## Records for the task
++++++++++

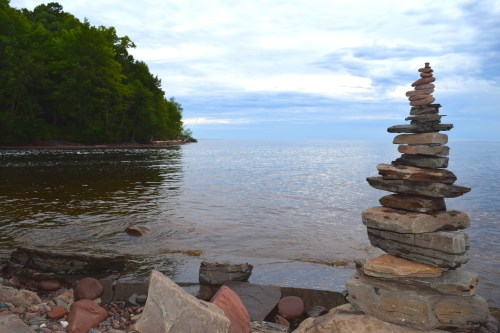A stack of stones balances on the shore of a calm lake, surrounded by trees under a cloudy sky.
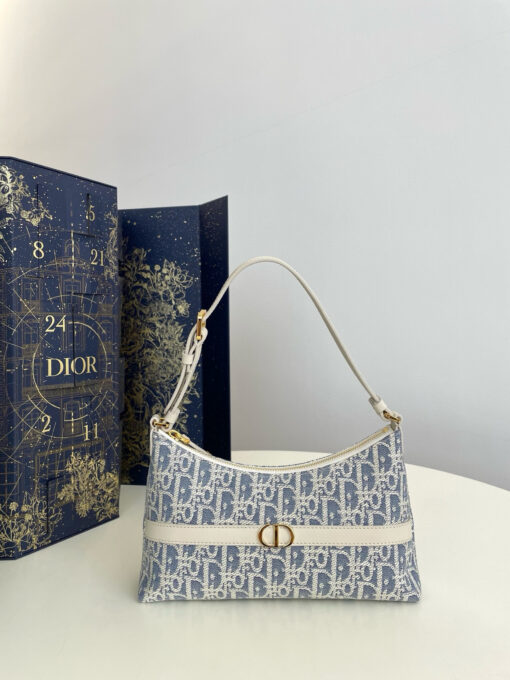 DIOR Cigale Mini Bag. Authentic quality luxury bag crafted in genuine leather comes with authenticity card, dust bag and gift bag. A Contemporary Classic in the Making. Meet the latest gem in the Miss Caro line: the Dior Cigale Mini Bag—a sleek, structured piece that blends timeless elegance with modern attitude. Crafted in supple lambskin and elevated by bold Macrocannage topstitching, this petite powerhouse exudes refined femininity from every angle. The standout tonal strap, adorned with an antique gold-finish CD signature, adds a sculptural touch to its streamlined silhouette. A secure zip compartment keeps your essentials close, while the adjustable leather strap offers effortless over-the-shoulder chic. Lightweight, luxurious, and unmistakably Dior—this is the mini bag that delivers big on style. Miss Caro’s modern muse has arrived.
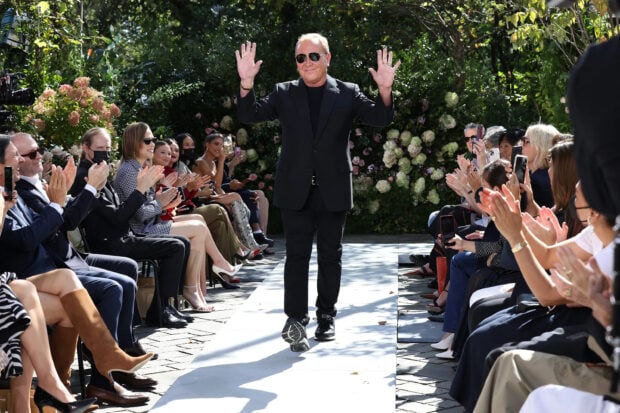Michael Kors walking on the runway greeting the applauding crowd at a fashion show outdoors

++++++++++

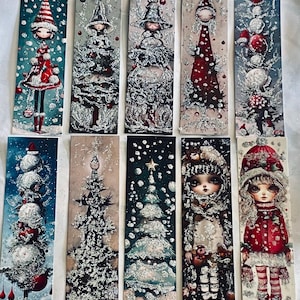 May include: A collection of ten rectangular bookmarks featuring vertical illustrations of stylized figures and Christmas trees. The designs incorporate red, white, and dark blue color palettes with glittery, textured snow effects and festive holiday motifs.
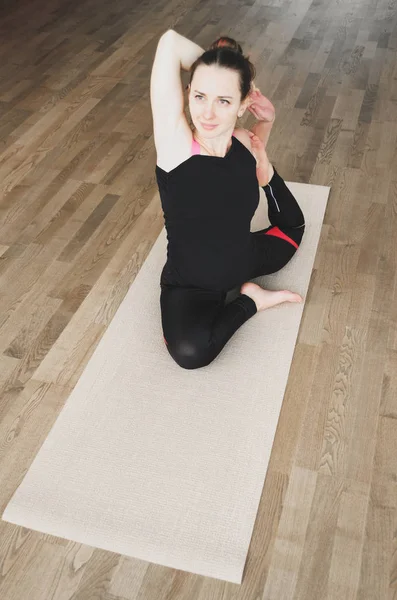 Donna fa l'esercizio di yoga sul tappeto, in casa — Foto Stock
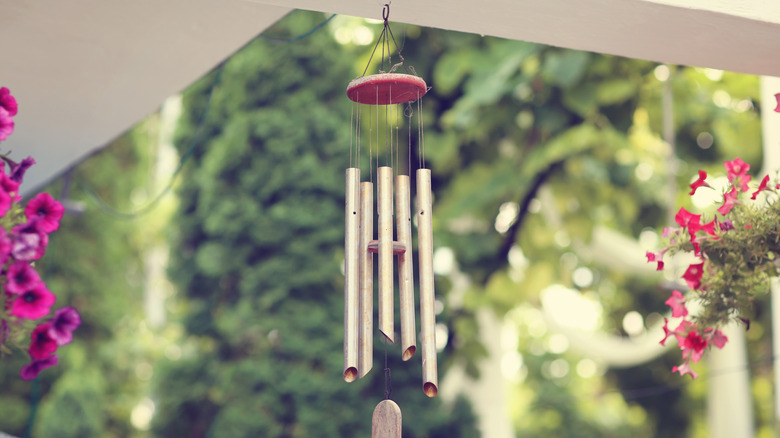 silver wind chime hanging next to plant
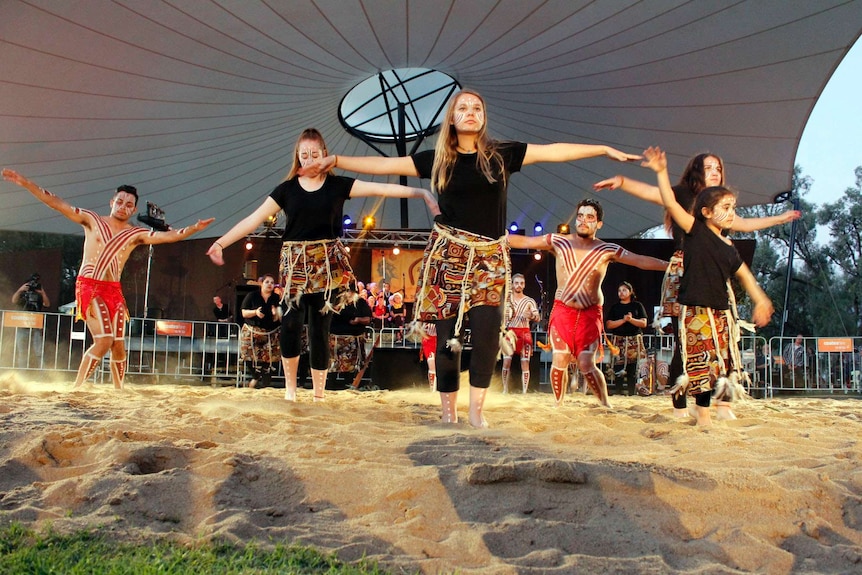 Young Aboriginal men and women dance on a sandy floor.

++++++++++

## Problem requirements
In the listing above, find the line containing "Donna fa l'esercizio". Output it and every line after it up to and including the line containing "Young Aboriginal men", exactly, but skip the pictures.

## Solution
 Donna fa l'esercizio di yoga sul tappeto, in casa — Foto Stock
 silver wind chime hanging next to plant
 Young Aboriginal men and women dance on a sandy floor.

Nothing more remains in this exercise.